Segment Open

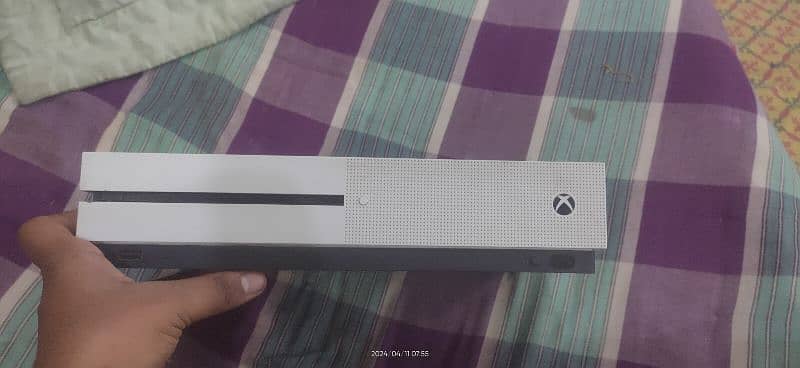 Xbox one S with games and Accounts 4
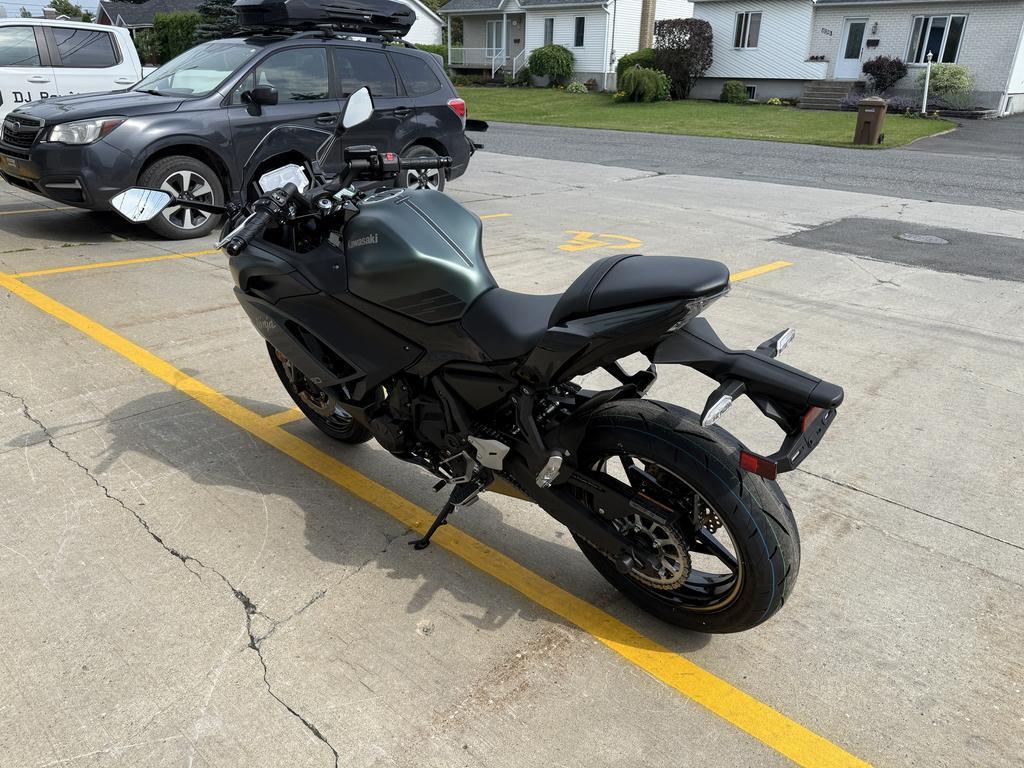 Kawasaki Ninja 650 ABS 2025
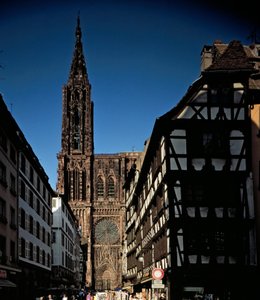 Gotisk kunst: udsigt fra en af portalerne Cathedrale Notre Dame de Strasbourg, bygget i det 13. århundrede af Erwin von Steinbach. (Nederrhinen) af Erwin von Steinbach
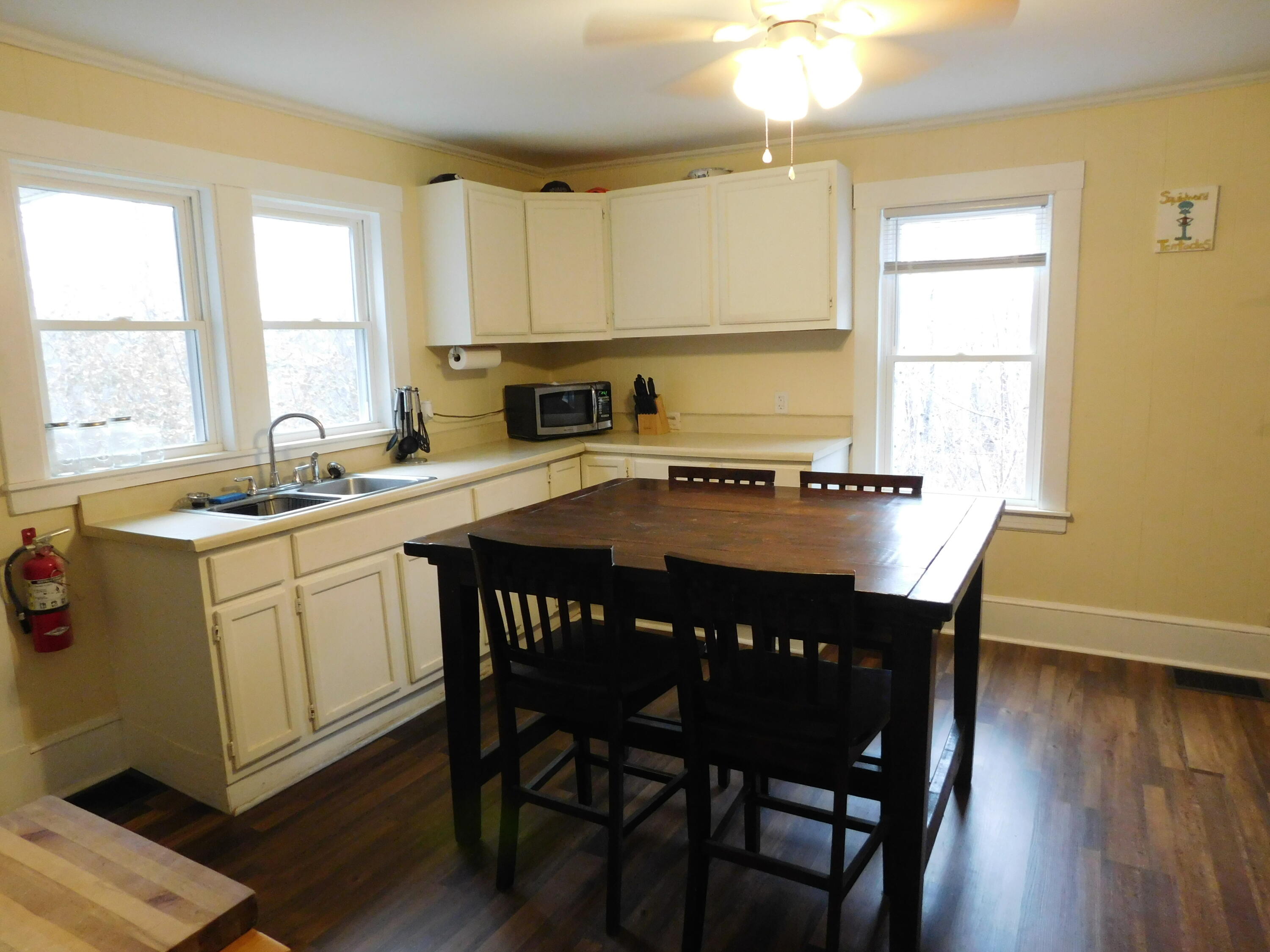 Property Image 1483748554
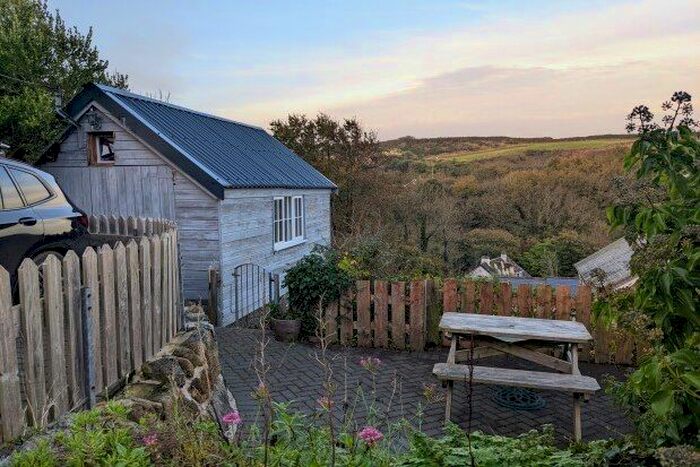 1 Bedroom Property To Rent In Cadgwith, Helston, TR12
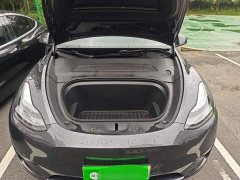 Tesla Model Y Rear-Wheel Drive - ფოტო 20
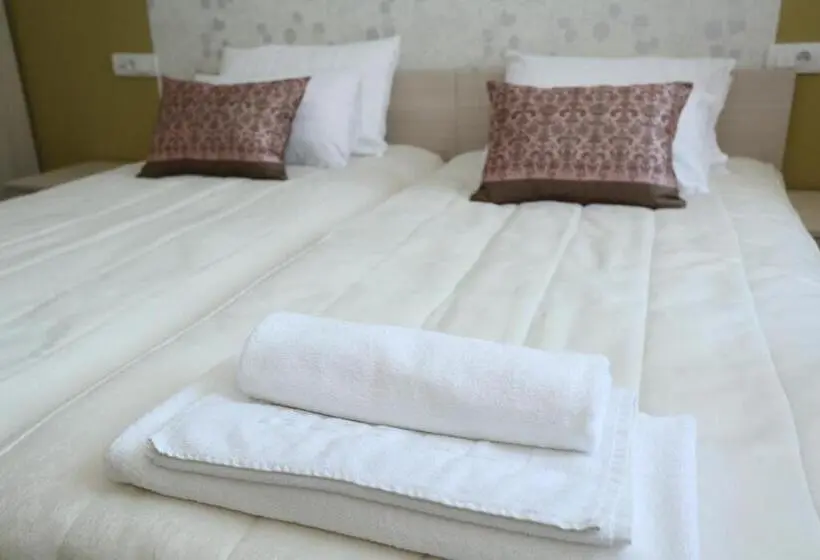 اتاق استاندارد سه نفره, Konačište Grad B&b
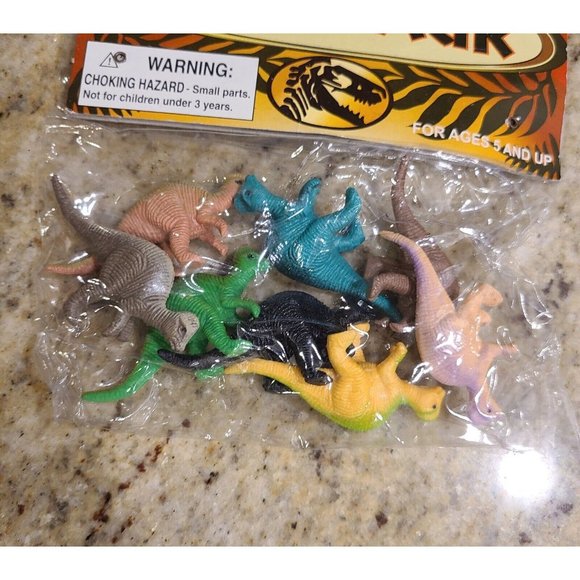 2~ Greenbrier International Vintage Dinosaur 3D Puzzles and Bag of Figures - Picture 6 of 7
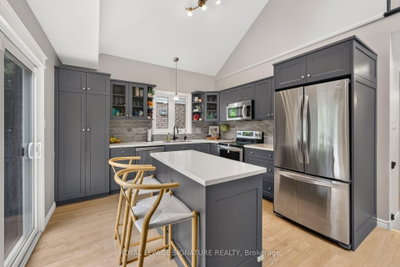 16 Pine Ridge Drive • Guelph, ON photo 6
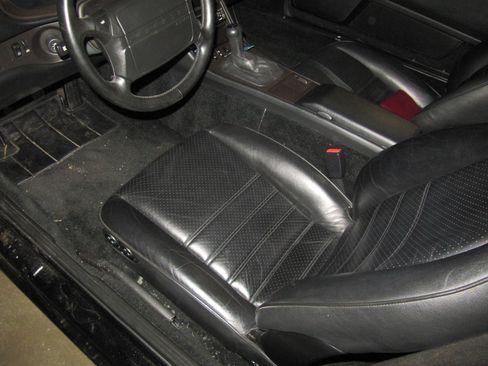 Used 1989 Porsche 944 Turbo Coupe RWD image 14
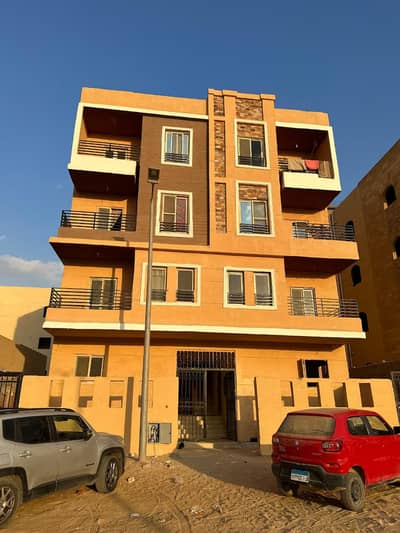 للبيع  فى الحى المتميز  مدينة بدر   منطقة 10  فيو جاردن   بجانب الخدمات   دقايق لطريق السويس  بسعر تجارى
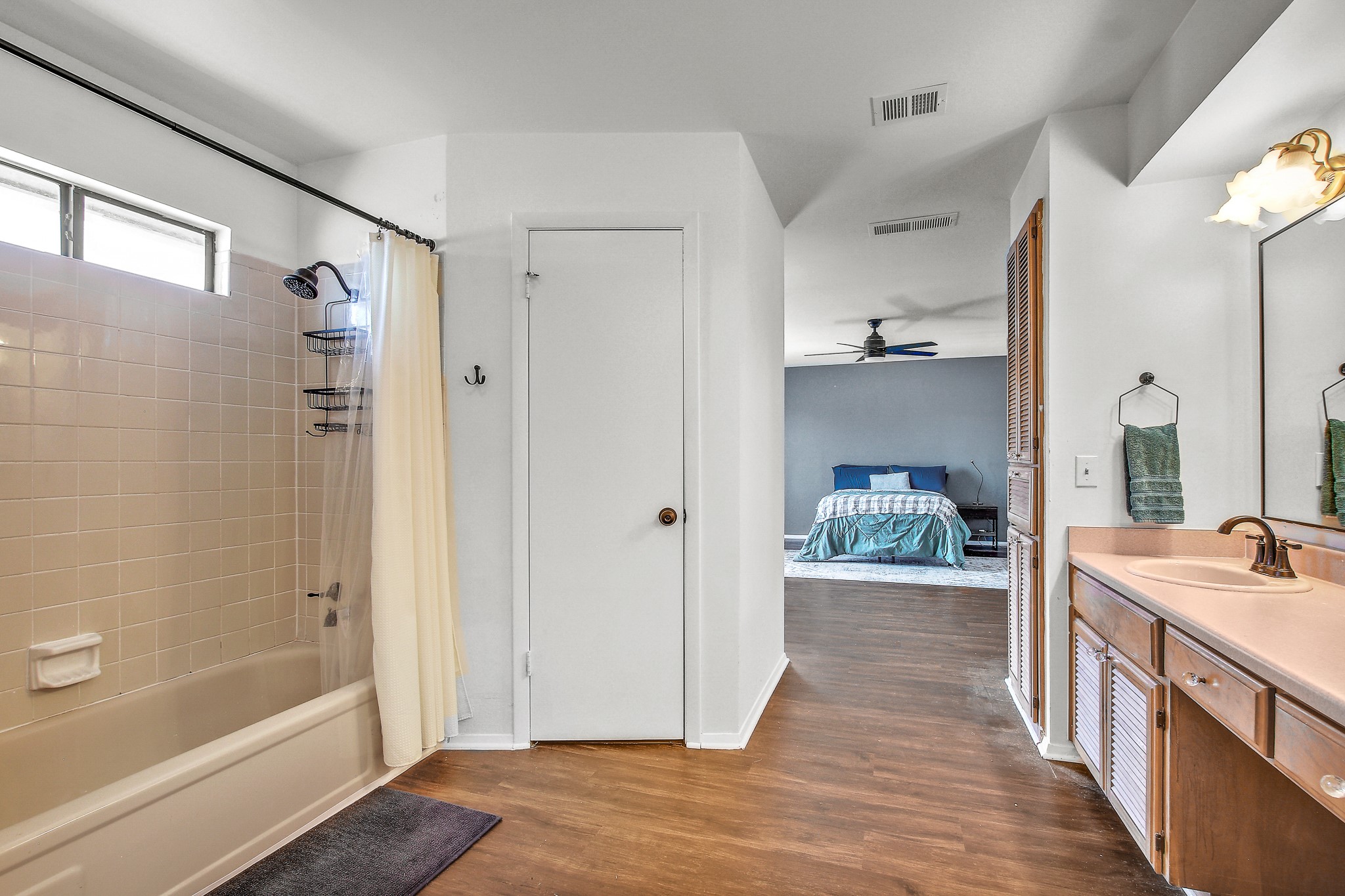 8925 North Plaza, Unit 69 Austin, TX 78753 - Photo 22 of 29 Bathroom featuring shower / tub combo, vanity, ensuite bath, dark wood-style floors, and ceiling fan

Segment Closed

- **What you need to do**: Look back over the records above. Reproduce exactly everything from the line with "اتاق استاندارد سه نفره, Konačište Grad B&b" down to the line with "Used 1989 Porsche", inclusive, and leave the pictures out.

- **Exercise solution**:
 اتاق استاندارد سه نفره, Konačište Grad B&b
 2~ Greenbrier International Vintage Dinosaur 3D Puzzles and Bag of Figures - Picture 6 of 7
 16 Pine Ridge Drive • Guelph, ON photo 6
 Used 1989 Porsche 944 Turbo Coupe RWD image 14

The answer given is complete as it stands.